Leaving out the images, return the data below exactly as it is written.

## [Dataset section]
• • • • •
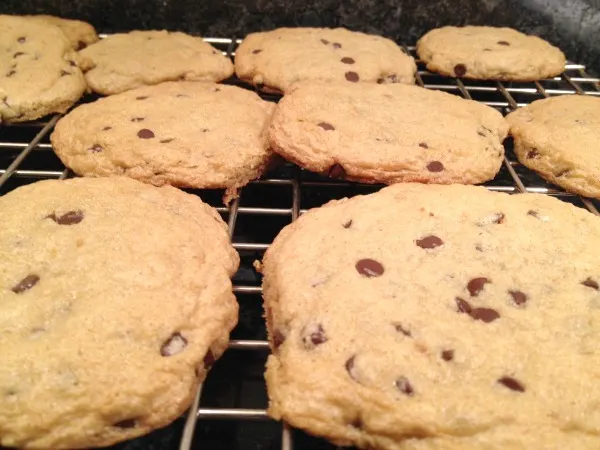 gluten-free-cookies-on-rack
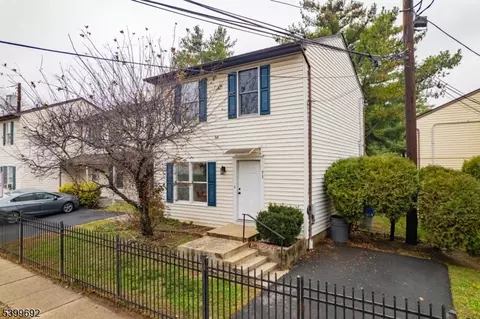 71 16th Ave #104, Newark, NJ 07103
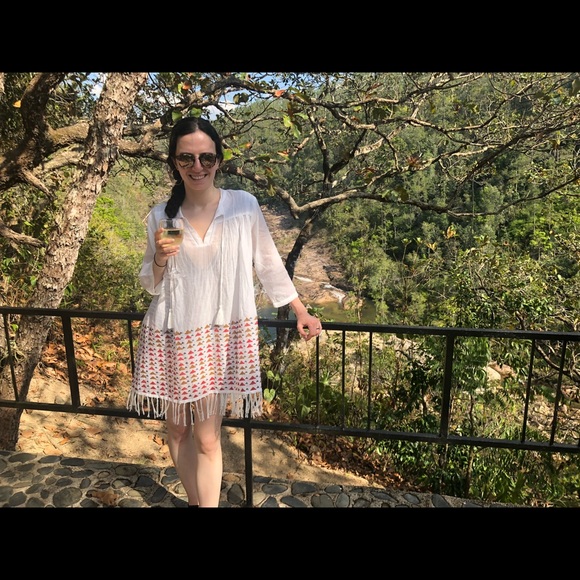 Meet your Posher, Lisa - Picture 2 of 3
• • • • •
## [Task solution]
 gluten-free-cookies-on-rack
 71 16th Ave #104, Newark, NJ 07103
 Meet your Posher, Lisa - Picture 2 of 3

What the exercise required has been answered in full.